Not sure what you mean. You always know which row contains any given address, the problem is that "seeking" in DRAM takes tens of nanoseconds (for contemporary chips), regardless of DRAM's clock speed or DDR/GDDR/LPDDR 1/2/3/4/5/6/7. Seeking in your "index" would take time too.

The only way to get good performance from DRAM is to always write data sequentially in the same order they will be read. Then you get full sequential throughput both for writing and reading and this is many GB/s and keeps increasing with clock speed. But that's a software optimization.

Otherwise caching is beneficial, but the cache has to be SRAM to have low random access latency. SRAM is physically larger and power hungry, half of a modern CPU is cache and it's still only a few MB.

CAS latency. About 10 cycles for an access outside current row. That makes the RAM work at best around effective 200 MHz if you are latency bound.
Hi! Memory is definitely an issue today, especially with big fat server processors...

Here is the small program I wrote, first allocates an array, then writes a random placed linked list that touches all the array cells (e.g. start->|4|6|2|5|3|end , so it goes to cell 1, then 4, then 5, then 3,2,6 and done.

Then it reads the same array from start to finish, just to sum contents. This is fast and goes to 6-8 GB/s, depending on unrelated memory pressure from video and os tasks. This is the advertised speed. So I don't think it's a swap issue (and my SSD is way faster :-) I've also tried with smaller and bigger arrays. Just ensure it stays in real memory.

Moving around in a big array is very hard on the memory controller: - no prefetch possible; - row and column changes at every access (almost), so commands have to be issued to burst terminate, close row, close bank, precharge maybe, open bank, activate row, fetch address, and who knows; - no advantage from interleave; - no advantage from a fat 64 or 128 bit bus;

It is the combined time needed for each and every memory read (due to randomization) that cause performance to drop.
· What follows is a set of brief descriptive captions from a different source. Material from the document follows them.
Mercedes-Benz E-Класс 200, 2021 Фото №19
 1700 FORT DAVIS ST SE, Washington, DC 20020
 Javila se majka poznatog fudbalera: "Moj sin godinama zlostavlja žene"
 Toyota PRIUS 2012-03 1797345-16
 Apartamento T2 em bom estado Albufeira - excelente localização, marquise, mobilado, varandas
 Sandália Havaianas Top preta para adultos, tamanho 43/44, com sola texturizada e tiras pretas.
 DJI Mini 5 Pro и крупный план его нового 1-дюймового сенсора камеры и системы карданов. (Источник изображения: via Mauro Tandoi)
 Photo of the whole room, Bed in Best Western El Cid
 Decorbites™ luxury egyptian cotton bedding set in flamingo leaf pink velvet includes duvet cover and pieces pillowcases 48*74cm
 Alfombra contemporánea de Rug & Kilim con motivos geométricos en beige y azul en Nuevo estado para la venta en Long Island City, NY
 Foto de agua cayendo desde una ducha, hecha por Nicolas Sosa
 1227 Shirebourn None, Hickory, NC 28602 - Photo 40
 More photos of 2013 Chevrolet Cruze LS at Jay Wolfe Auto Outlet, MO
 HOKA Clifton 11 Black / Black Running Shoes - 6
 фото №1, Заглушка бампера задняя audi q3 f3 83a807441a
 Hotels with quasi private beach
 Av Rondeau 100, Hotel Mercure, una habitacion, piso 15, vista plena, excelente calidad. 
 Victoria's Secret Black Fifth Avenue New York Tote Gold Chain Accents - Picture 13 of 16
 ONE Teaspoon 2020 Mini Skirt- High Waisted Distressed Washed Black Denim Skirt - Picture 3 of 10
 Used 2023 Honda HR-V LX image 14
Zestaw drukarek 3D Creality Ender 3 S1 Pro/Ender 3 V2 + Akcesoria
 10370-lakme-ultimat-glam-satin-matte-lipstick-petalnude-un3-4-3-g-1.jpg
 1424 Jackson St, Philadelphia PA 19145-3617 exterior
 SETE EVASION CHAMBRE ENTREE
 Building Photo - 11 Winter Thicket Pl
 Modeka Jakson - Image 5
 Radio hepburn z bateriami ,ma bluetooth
This is the code I've been using. I've modified it to work on unices (OSX has an issue with timeval struct), but have not tested on them. It compiles, may need to be altered a bit. Launch it with ./a.out <array_size> <random seed>. You will note that, as soon as the array moves out of caches, hell breaks loose. Works with gcc or clang.

https://godbolt.org/g/qX39tL

Thank you. This is very good and thank you for sharing. You should probably copy the usage information from your comment here to the top of the file, so they're not separated.

I tried it and got the same result you suggested (I used a code running site but it shouldn't matter, the VM it runs in should have virtualized operations that shouldn't slow it down by a complete order of magnitude so I roughly trust the results I'm seeing.)

FYI, here is the output with 10m items. (It times out if I try to increase it further, but that is just because the code-running site kills programs that run longer than a set time)

  ht_size: 10000000
  sizeof(int): 4
  seed: 256
  start run
  roll 64: -2004260032
  time (seconds:+nanoseconds) 1s:270464 ns
  sequential run: roll 64: -2004260032
  time (seconds:+nanoseconds) 0s:281244 ns
so if that is 1.27 sec for 10mill it should obviously be around 12 seconds for 100 million. Just brutal. I had no idea things could be so bad.

Thanks so much for sharing your program with us!

Your parent poster doesn't provide details, but this is not really crazy.

From https://gist.github.com/jboner/2841832, main memory latency is 100 ns; so we get 10 million fetches per second. You could get 40 MB by e.g. assuming that you have 4 one-byte requests in flight at the same time.

As they say, RAM is the new disk.

Hi, I've posted a few details and a sample program over here. As you correctly notice, latency is a big issue on modern machines, way worse (in proportion) than it was in the late eighties.

But as soon as the wheels start turning, they spit out a lot of bytes, for sure!